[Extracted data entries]

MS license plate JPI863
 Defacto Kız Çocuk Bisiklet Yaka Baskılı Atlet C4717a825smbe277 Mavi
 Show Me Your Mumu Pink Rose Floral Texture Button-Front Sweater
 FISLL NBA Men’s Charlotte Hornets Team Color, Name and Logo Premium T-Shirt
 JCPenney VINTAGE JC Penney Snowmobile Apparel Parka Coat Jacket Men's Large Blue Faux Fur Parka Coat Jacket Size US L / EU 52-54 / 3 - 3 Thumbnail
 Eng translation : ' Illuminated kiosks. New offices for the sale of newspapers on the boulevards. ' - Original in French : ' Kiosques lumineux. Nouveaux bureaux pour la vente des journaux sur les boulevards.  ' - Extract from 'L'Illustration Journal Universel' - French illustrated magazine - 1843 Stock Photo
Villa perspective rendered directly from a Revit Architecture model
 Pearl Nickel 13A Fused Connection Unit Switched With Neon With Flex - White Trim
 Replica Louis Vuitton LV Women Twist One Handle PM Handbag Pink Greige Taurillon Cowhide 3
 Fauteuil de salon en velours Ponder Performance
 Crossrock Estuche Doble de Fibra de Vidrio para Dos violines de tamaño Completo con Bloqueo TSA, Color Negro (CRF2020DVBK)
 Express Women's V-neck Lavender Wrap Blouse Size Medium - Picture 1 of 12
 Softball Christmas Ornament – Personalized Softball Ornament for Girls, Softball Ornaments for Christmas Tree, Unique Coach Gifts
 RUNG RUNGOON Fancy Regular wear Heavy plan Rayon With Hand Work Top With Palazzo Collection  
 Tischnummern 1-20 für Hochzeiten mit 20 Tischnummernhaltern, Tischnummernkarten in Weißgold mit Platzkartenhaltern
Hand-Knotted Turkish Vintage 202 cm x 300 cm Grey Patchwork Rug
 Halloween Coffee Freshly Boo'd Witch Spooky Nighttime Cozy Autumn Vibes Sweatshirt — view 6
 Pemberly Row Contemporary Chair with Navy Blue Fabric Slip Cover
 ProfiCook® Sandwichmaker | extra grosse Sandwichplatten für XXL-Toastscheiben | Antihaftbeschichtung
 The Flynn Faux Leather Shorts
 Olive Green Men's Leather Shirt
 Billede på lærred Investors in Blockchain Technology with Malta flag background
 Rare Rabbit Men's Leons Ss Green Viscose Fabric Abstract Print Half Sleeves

**TO DO**
Could you print the lines of the records above from the one containing "Hand-Knotted Turkish Vintage" through the last, exactly and with no additions?

**EXERCISE ANSWER**
Hand-Knotted Turkish Vintage 202 cm x 300 cm Grey Patchwork Rug
 Halloween Coffee Freshly Boo'd Witch Spooky Nighttime Cozy Autumn Vibes Sweatshirt — view 6
 Pemberly Row Contemporary Chair with Navy Blue Fabric Slip Cover
 ProfiCook® Sandwichmaker | extra grosse Sandwichplatten für XXL-Toastscheiben | Antihaftbeschichtung
 The Flynn Faux Leather Shorts
 Olive Green Men's Leather Shirt
 Billede på lærred Investors in Blockchain Technology with Malta flag background
 Rare Rabbit Men's Leons Ss Green Viscose Fabric Abstract Print Half Sleeves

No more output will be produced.